Sunday, December 17, 2006

Finished?

I've been using Google's Gmail, among others, for over two years now, and it still says "beta" on the screen. Maybe that's the right model for software ... that it's always a work in progress. The Web 2.0 paradigm is helping to advance this idea. With Web-based applications, you don't know from one click to the next whether you're using the same version of software or not. In fact, you don't even have to click to be upgraded mid-stream. A page you're browsing may update itself and the code which runs it at any time.

In contrast, Microsoft's Vista is wildly late, and its timing is viewed by many as damaging to year-end, holiday-season PC sales. If Microsoft had followed the "work in progress" model, they would have been rolling out pieces of Vista for years, and would have gotten a lot of feedback with which to improve the product over time.

In some sense, software products have always been works in progress.

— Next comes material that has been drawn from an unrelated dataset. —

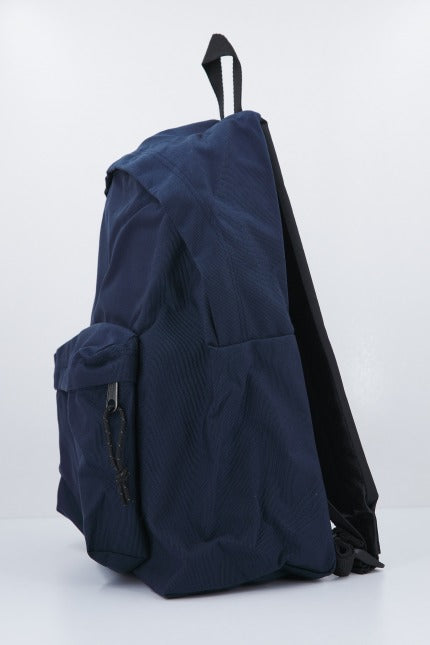 EASTPAK  PADDED PAK'R en color AZUL  (1)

There are major new version, minor versions, "dot" releases, etc. But the idea of throwing away the published schedule completely, and just introducing features, bug fixes, etc. as they are implemented, has been confined to in-house IT centers.

This might also force developers to rely on small, testable modules which can be integrated together, and less on large monolithic implementations. You have to build systems that way in order to be able to upgrade one component or another without having to rebuild the whole system.

So, what does that mean for the average user?

This post is in beta. Improvements may appear at any time.